Notice: While Javascript is not essential for this website, your interaction with the content will be limited. Please turn Javascript on for the full experience.

PEP 467 -- Minor API improvements for binary sequences

PEP:467
Title:Minor API improvements for binary sequences
Author:Nick Coghlan <ncoghlan at gmail.com>, Ethan Furman <ethan at stoneleaf.us>
Status:Draft
Type:Standards Track
Created:2014-03-30
Python-Version:3.8
Post-History:2014-03-30 2014-08-15 2014-08-16 2016-06-07 2016-09-01

Abstract

During the initial development of the Python 3 language specification, the core bytes type for arbitrary binary data started as the mutable type that is now referred to as bytearray.
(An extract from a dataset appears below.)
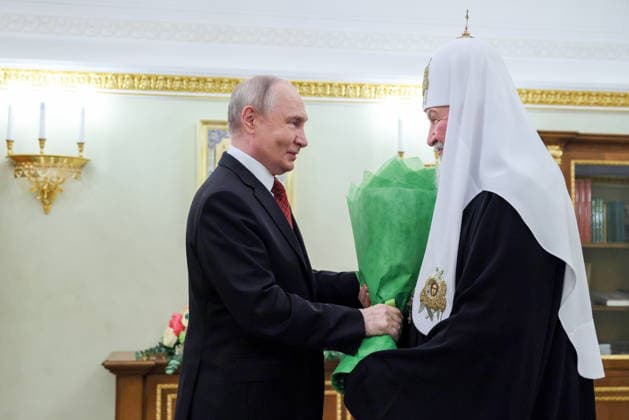 RUSSIA, MOSCOW - MAY 24, 2026: Vladimir Putin (L), President of Russia, congratulates Patriarch Kirill of Moscow and All Russia on his Name Day during a meeting at the Moscow Kremlin. Vyacheslav Prokofyev Russian Presidential Press and Information Office TASS  92974767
Other aspects of operating in the binary domain in Python have also evolved over the course of the Python 3 series.

This PEP proposes five small adjustments to the APIs of the bytes and bytearray types to make it easier to operate entirely in the binary domain:

  • Deprecate passing single integer values to bytes and bytearray
  • Add bytes.fromsize and bytearray.fromsize alternative constructors
  • Add bytes.fromord and bytearray.fromord alternative constructors
  • Add bytes.getbyte and bytearray.getbyte byte retrieval methods
  • Add bytes.iterbytes and bytearray.iterbytes alternative iterators

And one built-in:

* bchr

Proposals

Deprecation of current "zero-initialised sequence" behaviour without removal

Currently, the bytes and bytearray constructors accept an integer argument and interpret it as meaning to create a zero-initialised sequence of the given size:

>>> bytes(3)
b'\x00\x00\x00'
>>> bytearray(3)
bytearray(b'\x00\x00\x00')

This PEP proposes to deprecate that behaviour in Python 3.6, but to leave it in place for at least as long as Python 2.7 is supported, possibly indefinitely.
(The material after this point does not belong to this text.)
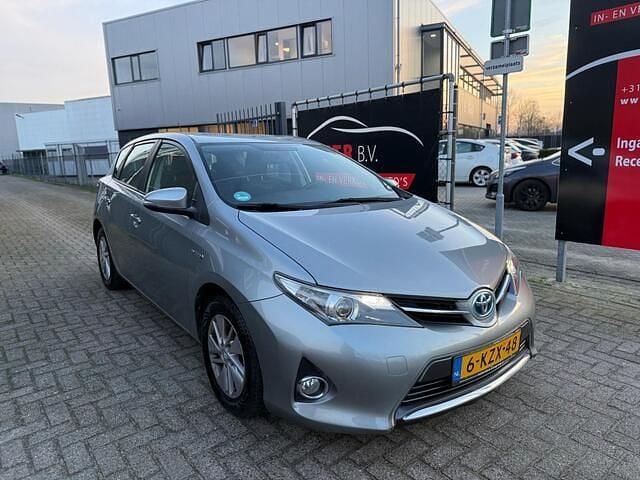 Grijs Occasion 2013 Toyota Auris Hatchback | € 7.750 (Goede deal) - Afbeelding 1/4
No other changes are proposed to the existing constructors.

Addition of explicit "count and byte initialised sequence" constructors

To replace the deprecated behaviour, this PEP proposes the addition of an explicit fromsize alternative constructor as a class method on both bytes and bytearray whose first argument is the count, and whose second argument is the fill byte to use (defaults to \x00):

>>> bytes.fromsize(3)
b'\x00\x00\x00'
>>> bytearray.fromsize(3)
bytearray(b'\x00\x00\x00')
>>> bytes.fromsize(5, b'\x0a')
b'\x0a\x0a\x0a\x0a\x0a'
>>> bytearray.fromsize(5, b'\x0a')
bytearray(b'\x0a\x0a\x0a\x0a\x0a')

fromsize will behave just as the current constructors behave when passed a single integer, while allowing for non-zero fill values when needed.
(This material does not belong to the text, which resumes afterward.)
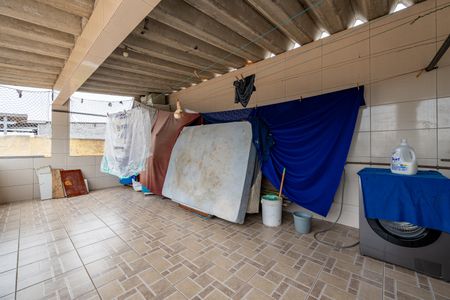 Casa à venda com 176m², 3 quartos e 3 vagasÁrea de Serviço 2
Addition of "bchr" function and explicit "single byte" constructors

As binary counterparts to the text chr function, this PEP proposes the addition of a bchr function and an explicit fromord alternative constructor as a class method on both bytes and bytearray:

>>> bchr(ord("A"))
b'A'
>>> bchr(ord(b"A"))
b'A'
>>> bytes.fromord(65)
b'A'
>>> bytearray.fromord(65)
bytearray(b'A')

These methods will only accept integers in the range 0 to 255 (inclusive):

>>> bytes.fromord(512)
Traceback (most recent call last):
  File "<stdin>", line 1, in <module>
ValueError: integer must be in range(0, 256)

>>> bytes.fromord(1.0)
Traceback (most recent call last):
  File "<stdin>", line 1, in <module>
TypeError: 'float' object cannot be interpreted as an integer

While this does create some duplication, there are valid reasons for it:

  • the bchr builtin is to recreate the ord/chr/unichr trio from Python 2 under a different naming scheme
  • the class method is mainly for the bytearray.fromord case, with bytes.fromord added for consistency

The documentation of the ord builtin will be updated to explicitly note that bchr is the primary inverse operation for binary data, while chr is the inverse operation for text data, and that bytes.fromord and bytearray.fromord also exist.

Behaviourally, bytes.fromord(x) will be equivalent to the current bytes([x]) (and similarly for bytearray). The new spelling is expected to be easier to discover and easier to read (especially when used in conjunction with indexing operations on binary sequence types).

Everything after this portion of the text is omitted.